Last month, the City of Detroit demolished the 10,000th vacant home in Mayor Mike Duggan's massive plan to eliminate blight in the city. Detroit was hit hard by the recession of 2008 and the corresponding drop in residential property values. As home values declined, homeowners couldn’t afford their mortgage payments and went into foreclosure. Currently, Detroit lists almost 140,000 homes in the foreclosure process with more foreclosures on the way.
The Detroit News recently reported on a woman who purchased her home in 2002 and owes $82,000 on her mortgage. She is now making monthly payments of $900 on a home valued at $5,000.
Making matters worse, most foreclosed homes are never reoccupied. Instead, vandals steal windows, doors, bathroom and kitchen fixtures, stripping the homes of anything worth selling. Vandalism drives property values down further and makes daily life difficult. Homeowners still living in affected neighborhoods don’t keep anything of value in their homes because burglaries are so common.
Detroit’s answer has been to demolish 10,000 of the almost 84,000 homes on its “blighted homes” list. Almost 76 percent of those homes are foreclosures.
The city is trying to reverse is the effect of plummeting property values on the city and its population. Declining property values alone cost Detroiters an estimated $1.3 billion in personal wealth in 2012 and the city’s population fell by nearly 240,000 residents from 2000 to 2010, to about 700,000.
Although Detroit is a prime example of cities under extreme stress because of changes in the economy, large cities are not the only communities facing serious decline. Vacant properties, outdated facilities and inadequate access to education and healthcare are apparent in many rural communities throughout the country.
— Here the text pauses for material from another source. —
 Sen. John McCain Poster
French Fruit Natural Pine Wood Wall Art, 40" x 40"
The result of the decline is that many residents have left rural communities in search of a better life.
As people leave, these communities are left to devise creative ways to increase capital investment and development. If they are successful, distressed communities are able to attract the funds needed for upgrades and maintenance to properties and facilities, provide education and healthcare services, create more jobs, and enhance the tax base.
The New Markets Tax Credit Program is an incentive that attempts to attract the investment necessary to help these struggling economies. The NMTC was authorized by the Community Renewal Relief Act of 2000 as a bi-partisan effort to stimulate investment and economic growth in low-income urban neighborhoods and rural communities. From 2003 to 2014, $38 billion in direct NMTC investments were made in businesses, and these NMTC investments leveraged nearly $75 billion in total capital investment to businesses and revitalization projects. According to the NMTC Coalition, the NMTC generated 750,000 jobs between 2003 and 2012.
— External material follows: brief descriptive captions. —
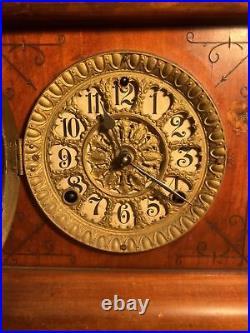 Antique Seth Thomas Mantle Clock Patented 1880 Runs, May Need Adjustment/Repair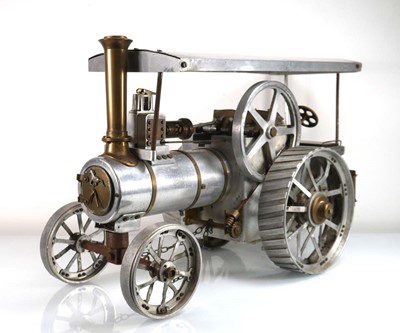 Lot 262 - A 2" scale aluminium scratch built model...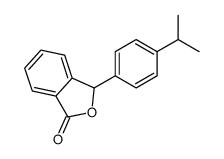 3-(4-propan-2-ylphenyl)-3H-2-benzofuran-1-one Structure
The NMTC allows investors to take a tax credit against their federal income tax for the funds that are invested. The total credit realized is equal to 39 percent of the original investment amount and is claimed over seven years – 5 percent annually for the first three years and 6 percent in years four through seven. As it stands today, the NMTC is set to expire on December 31, 2019.
With the NMTC program, the Community Development Financial Institutions Fund allocates the tax credit to the Community Development Entities through an application process. CDEs are financial intermediaries through which private capital is contributed by investors and then flows to a qualified business. CDEs offer tax credits to investors in exchange for equity in the CDE. Because of the capital contributed, the CDE can offer the qualified business funds at a better rate and terms than they will receive at a traditional financial institution. The CDE uses its local knowledge and expertise to decide what businesses should receive the investments.
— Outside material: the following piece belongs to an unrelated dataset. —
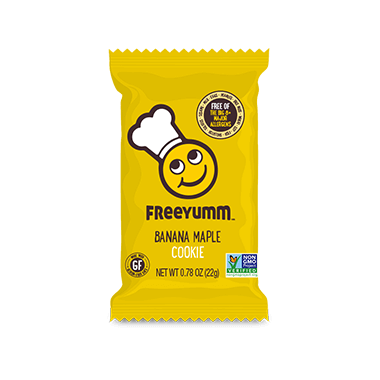 FreeYumm Banana Maple Cookies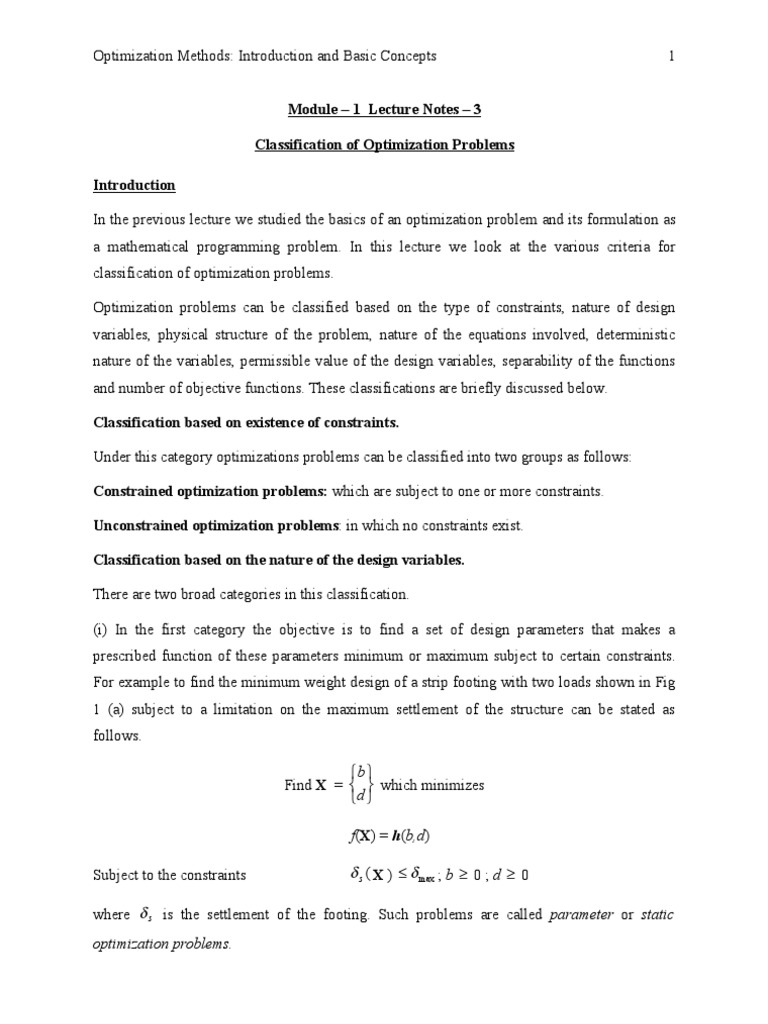 M1L3 LN | PDF | Nonlinear Programming | Mathematical Optimization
The NMTC program has increased in popularity for investors who are looking to contribute to the restoration of a diminishing community, encourage a positive change and earn impressive returns. The NMTC program doesn’t allow the investor to have rights in operational activities. The NMTC program, however, does allow an investor to have limited liability.
A company that has extra cash on hand, is interested in lowering its federal tax liability, and wants to make an investment to help the community should consider investing in the NMTC program. Certain states have these programs in place with state tax credits available. Please consult your tax adviser if you would like to explore the NMTC program further.